Health care economists at the Brookings Institution and Yale have independently proposed possible policy solutions that show promise in preventing surprise and balance billing. Researchers at Brookings propose a federal ban on any balance billing by health care providers for emergency and ambulance services and suggest that hospitals could require that their physicians belong to the same insurance network as the hospital. They also advocate for establishing a federal dispute-resolution process, similar to New York’s model, with the ability for states to opt in to their own arbitration process as long as it meets minimum federal standards. This federal requirement could be mandated as EMTALA is, a condition for health care providers participating in Medicare.
The researchers at Yale propose regulating hospitals rather than insurance. Either states or the federal government should require hospitals to sell a package of emergency medical care, which includes both hospital and physician services, to insurers. As a result, hospitals would have to purchase emergency physician services in a local labor market, which would maintain competition, and submit a single bill to insurance companies rather than the current practice of separate prices for hospital services and physician services.
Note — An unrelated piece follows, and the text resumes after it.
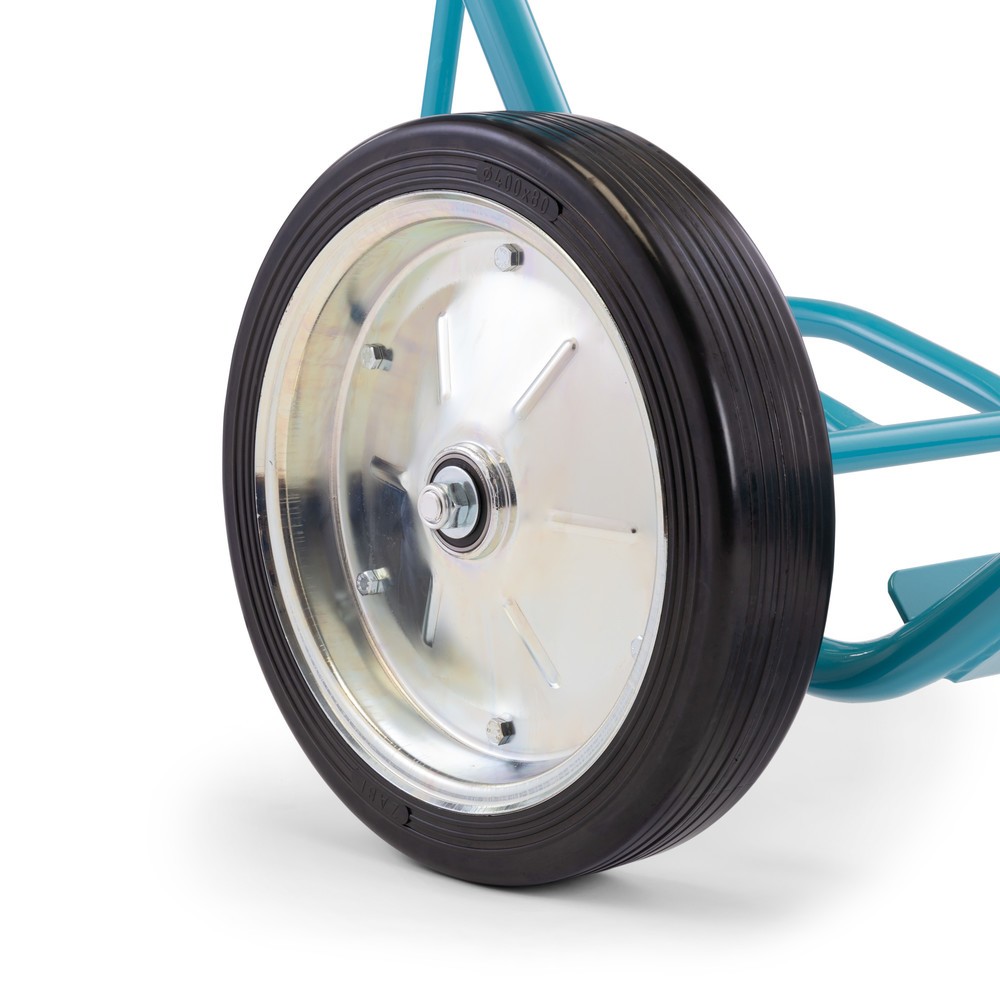 Productafbeelding nr. 4: Steekwagen voor stalen gasflessen Ameise®, voor 2 flessen van 40-50 liter, steunwiel, volrubber banden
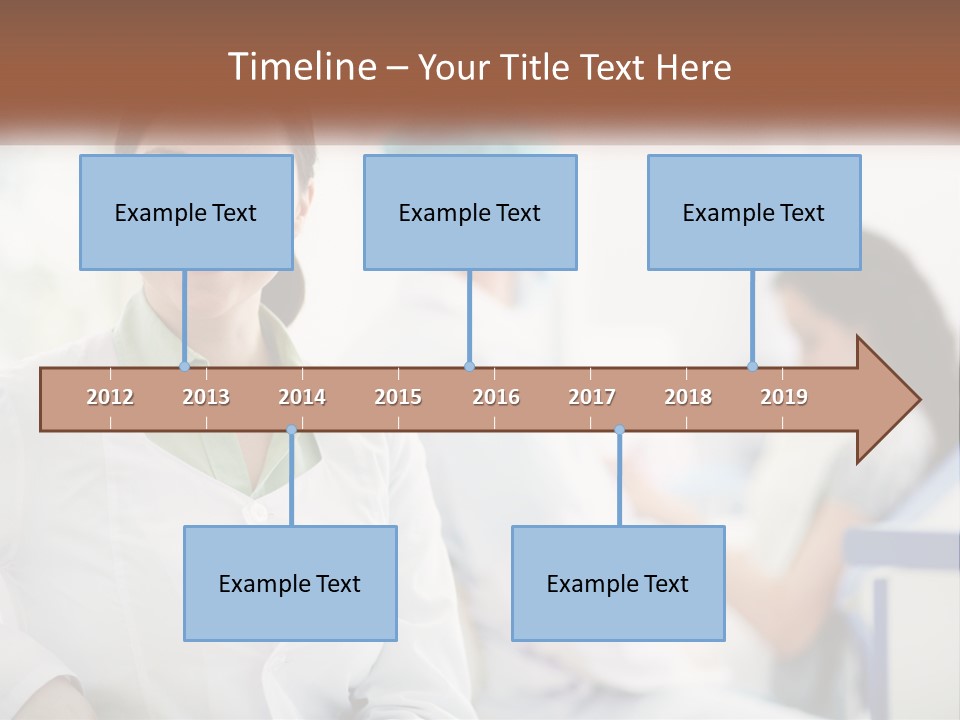 A Woman In A White Shirt Is Standing In A Hospital PowerPoint Template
When patients choose an in-network emergency department to receive care, they resultantly choose this package of emergency services and are shielded from surprise billing.
Unlike many challenges in health care policy, preventing surprise billing is a problem that both sides of the aisle agree on, and where solutions exist. In late September, a bipartisan group of senators released draft language for a bill that provides nearly comprehensive federal protections from surprise out-of-network billing. Policymakers have the opportunity to concretely solve a problem that currently victimizes patients and vilifies physicians. They should take it—journalists may have an unlimited supply of ink, but they shouldn’t have to keep spilling it to remedy what is an obvious injustice.